Hypothesis (H1b) was also not confirmed. Emotional reaction change may be observed for four models (see Table 1), however only for model 11 this change is significant (from ‘neutral’ into ‘anxiety’ when presented on a suitable background).

3.2 Hypothesis 2

As hypothesis (H1a) and (H1b) were not confirmed, i.e. there are no significant differences between groups (A) and (B) for the further analysis we used only results from group (A). Let us now analyse the ordering of the models accordingly to DOH. In accordance with the results of our previous study with these models (see [6]) we have not assumed any pre-ordering of the presented models. The resulting DOH ordering is based solely on the subject’s assessment. Figure 2 presents the ordering of the models accordingly to growing human-likeness. The resulting ordering is intuitive. On the left side of X axis we find robotic models, followed by animated characters and then with humans. Models are clearly grouped into three categories. It is worth to point out that animated characters (models 4, 9 and 12) were evaluated on the same level 4 (median), i.e. ‘Rather human-like’ and human models also received uniform scores at level 5 (median), i.e. ‘Completely human-like’. For the robotic models we observe the variety from 2 (‘Rather not human-like’) to 3.5 (i.e., above ‘It starts to look human-like’).

Fig. 2
figure 2

Human-likeness assessment for group A. The ordering is accordingly to growing human-likeness. Numbers of models indicate the order in which they appeared in the study

Our second research hypothesis was inspired by Kätsyri et al. [5]. It states that the uncanny valley will be observed with respect to: comfort, human-likeness assessment difficulty, and emotional reaction level—i.e. that for our set of models we will observe more than one uncanny valley. Results with the respect to this hypothesis are presented in Fig. 3. Scales for comfort and difficulty are reversed (the higher the score is the harder it was to assess human-likeness or the more uncomfortable watching the model was), so the ‘valley’ is actually visible as a peak in the figure.

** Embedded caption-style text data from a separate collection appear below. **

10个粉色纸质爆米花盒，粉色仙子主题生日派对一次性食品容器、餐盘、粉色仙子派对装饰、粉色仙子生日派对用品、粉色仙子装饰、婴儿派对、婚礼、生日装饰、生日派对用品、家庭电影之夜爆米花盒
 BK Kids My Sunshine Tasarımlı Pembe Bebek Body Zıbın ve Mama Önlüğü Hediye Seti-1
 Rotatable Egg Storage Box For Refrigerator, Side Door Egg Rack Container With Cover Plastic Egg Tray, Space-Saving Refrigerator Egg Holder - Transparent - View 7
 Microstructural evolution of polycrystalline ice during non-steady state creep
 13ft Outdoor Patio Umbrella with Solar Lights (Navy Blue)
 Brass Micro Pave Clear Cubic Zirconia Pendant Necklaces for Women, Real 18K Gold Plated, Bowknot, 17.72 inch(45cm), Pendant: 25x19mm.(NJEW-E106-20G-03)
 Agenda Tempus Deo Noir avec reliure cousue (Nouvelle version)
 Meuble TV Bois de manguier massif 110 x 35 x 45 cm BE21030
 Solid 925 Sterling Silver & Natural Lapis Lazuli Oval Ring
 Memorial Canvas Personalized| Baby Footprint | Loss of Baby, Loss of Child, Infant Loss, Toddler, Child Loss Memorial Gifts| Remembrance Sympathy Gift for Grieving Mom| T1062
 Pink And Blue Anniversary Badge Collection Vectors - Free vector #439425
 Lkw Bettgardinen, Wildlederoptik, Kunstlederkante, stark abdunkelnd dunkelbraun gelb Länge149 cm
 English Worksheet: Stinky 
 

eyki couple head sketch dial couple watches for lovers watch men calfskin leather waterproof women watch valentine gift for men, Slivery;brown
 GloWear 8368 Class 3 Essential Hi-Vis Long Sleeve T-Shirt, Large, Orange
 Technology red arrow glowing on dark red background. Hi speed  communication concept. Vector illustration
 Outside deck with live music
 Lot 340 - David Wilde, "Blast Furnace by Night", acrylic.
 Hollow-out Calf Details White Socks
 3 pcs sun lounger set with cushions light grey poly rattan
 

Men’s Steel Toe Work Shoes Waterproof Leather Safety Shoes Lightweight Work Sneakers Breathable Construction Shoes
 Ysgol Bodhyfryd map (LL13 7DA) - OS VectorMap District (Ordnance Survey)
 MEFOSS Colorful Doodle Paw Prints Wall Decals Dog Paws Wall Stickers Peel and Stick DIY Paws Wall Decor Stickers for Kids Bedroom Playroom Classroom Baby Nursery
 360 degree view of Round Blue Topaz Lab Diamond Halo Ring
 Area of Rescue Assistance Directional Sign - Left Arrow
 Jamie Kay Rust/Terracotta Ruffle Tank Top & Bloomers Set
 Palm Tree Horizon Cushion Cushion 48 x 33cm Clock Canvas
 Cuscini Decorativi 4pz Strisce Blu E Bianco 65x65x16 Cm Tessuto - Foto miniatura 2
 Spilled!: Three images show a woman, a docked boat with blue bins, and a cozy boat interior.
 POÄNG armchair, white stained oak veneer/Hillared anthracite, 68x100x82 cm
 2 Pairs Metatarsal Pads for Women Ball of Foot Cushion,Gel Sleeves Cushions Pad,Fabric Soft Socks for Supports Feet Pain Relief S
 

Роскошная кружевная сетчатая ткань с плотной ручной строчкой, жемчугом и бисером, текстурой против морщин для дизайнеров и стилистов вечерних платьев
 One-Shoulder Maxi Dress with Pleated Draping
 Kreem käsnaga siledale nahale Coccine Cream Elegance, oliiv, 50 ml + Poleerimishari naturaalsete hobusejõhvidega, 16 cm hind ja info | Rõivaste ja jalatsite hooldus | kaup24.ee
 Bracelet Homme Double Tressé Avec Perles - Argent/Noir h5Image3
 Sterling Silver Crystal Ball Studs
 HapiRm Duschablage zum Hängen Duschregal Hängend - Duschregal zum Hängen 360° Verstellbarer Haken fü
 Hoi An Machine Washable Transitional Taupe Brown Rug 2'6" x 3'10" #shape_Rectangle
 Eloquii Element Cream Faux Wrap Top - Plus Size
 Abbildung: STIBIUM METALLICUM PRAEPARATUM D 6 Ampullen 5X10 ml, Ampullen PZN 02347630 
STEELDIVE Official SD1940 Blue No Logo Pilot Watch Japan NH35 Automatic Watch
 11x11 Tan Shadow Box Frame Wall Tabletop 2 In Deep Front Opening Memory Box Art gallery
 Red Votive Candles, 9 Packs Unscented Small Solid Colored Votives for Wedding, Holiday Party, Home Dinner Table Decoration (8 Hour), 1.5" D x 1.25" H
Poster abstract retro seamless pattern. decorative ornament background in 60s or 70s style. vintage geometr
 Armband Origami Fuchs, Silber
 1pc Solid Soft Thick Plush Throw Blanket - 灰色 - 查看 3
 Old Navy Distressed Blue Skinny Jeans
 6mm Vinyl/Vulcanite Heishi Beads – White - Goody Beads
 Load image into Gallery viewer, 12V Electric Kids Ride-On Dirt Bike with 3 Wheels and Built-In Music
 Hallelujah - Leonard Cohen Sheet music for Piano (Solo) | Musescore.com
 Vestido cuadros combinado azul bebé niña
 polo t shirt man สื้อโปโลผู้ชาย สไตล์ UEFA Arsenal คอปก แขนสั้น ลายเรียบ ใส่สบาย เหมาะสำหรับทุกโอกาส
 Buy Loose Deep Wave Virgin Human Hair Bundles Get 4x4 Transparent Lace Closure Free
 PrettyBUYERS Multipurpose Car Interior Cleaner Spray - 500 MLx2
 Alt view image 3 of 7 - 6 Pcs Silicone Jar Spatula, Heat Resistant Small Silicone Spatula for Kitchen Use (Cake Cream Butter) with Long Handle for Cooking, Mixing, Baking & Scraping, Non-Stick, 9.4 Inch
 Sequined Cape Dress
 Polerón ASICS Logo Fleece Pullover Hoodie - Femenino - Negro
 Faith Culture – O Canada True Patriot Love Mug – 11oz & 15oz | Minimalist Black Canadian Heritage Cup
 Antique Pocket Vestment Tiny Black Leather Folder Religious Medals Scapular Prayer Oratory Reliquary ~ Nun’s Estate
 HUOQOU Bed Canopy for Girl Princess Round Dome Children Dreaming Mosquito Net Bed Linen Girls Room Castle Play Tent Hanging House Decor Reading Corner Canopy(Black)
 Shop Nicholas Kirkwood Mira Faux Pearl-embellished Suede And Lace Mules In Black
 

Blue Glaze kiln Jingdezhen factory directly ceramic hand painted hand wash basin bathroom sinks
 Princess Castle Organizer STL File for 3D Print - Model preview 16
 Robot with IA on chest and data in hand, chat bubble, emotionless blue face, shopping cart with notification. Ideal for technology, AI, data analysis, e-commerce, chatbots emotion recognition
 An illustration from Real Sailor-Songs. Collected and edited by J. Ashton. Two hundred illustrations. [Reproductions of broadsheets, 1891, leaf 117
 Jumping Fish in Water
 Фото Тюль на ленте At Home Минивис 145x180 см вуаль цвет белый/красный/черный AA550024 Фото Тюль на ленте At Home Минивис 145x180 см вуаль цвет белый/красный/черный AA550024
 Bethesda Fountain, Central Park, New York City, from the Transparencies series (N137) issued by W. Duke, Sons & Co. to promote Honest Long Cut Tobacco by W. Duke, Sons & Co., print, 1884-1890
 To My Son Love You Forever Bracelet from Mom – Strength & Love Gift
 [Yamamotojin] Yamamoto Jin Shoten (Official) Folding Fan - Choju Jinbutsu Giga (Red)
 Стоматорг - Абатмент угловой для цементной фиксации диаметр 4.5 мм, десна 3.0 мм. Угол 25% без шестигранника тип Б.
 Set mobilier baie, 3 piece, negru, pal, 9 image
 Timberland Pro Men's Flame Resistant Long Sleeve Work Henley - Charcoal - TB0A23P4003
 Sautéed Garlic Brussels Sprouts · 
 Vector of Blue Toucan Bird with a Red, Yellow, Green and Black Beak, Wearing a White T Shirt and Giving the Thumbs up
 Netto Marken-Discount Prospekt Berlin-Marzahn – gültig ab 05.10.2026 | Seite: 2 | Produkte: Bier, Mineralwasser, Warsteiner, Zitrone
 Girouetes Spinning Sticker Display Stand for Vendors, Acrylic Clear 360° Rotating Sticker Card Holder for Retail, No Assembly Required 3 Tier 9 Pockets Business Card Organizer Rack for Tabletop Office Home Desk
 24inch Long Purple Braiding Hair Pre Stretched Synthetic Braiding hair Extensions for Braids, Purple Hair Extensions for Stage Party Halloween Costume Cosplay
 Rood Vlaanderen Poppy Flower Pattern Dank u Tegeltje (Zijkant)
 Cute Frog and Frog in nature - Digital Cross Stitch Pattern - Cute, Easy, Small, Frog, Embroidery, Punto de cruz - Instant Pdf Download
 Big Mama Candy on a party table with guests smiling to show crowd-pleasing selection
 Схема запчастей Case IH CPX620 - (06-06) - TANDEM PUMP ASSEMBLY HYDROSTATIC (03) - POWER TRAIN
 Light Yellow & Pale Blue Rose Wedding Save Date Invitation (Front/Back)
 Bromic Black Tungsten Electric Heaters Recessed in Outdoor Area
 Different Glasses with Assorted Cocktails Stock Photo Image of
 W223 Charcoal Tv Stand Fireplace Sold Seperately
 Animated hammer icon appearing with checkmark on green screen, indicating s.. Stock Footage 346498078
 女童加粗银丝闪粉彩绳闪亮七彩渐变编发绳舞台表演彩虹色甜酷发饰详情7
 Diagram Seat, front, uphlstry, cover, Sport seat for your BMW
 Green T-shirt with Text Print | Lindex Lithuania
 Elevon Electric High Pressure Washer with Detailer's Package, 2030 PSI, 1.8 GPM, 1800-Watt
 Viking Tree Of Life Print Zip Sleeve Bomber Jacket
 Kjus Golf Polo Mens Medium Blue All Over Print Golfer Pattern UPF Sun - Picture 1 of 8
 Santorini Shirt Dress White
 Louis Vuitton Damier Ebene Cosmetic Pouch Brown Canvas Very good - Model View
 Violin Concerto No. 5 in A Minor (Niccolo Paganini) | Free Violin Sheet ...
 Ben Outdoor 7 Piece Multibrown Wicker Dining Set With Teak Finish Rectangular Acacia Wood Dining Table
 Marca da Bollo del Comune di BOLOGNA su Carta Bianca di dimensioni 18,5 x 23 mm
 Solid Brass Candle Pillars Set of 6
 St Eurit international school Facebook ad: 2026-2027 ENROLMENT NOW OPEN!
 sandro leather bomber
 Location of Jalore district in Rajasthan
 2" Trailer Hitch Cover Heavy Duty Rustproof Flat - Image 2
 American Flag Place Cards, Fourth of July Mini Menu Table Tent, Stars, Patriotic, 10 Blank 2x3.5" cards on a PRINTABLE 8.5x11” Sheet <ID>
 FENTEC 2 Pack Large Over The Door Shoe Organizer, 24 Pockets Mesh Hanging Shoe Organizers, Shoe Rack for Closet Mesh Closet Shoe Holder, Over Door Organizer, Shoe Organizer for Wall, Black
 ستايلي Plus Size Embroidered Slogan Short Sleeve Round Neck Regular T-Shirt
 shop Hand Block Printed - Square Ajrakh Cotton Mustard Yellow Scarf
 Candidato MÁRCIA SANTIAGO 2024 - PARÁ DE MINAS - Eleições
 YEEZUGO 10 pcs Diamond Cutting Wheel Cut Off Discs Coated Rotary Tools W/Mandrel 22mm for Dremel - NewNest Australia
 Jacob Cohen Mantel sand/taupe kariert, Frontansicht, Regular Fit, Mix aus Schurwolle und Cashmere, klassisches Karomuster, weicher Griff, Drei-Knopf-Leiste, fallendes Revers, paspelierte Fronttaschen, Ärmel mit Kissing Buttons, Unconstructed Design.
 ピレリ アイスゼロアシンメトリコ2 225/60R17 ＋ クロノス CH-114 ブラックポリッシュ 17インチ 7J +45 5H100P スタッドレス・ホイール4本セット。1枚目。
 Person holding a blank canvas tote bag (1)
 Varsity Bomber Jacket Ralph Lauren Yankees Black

The effect is visible for model 12 for the comfort and difficult of DOH assessment. This ‘valley’ is with accordance with Kätsyri and colleagues descriptions, i.e. models on the left of 12 and on the right got better comfort and difficulty assessment scores.

When it comes to comfort, model 8 had the lowest score (median for the model is (4), i.e. ‘uncomfortable’). This model resembles battle robots known from science-fiction films and computer games (see e.g. FalloutFootnote 5, TitanfallFootnote 6 or the Halo seriesFootnote 7).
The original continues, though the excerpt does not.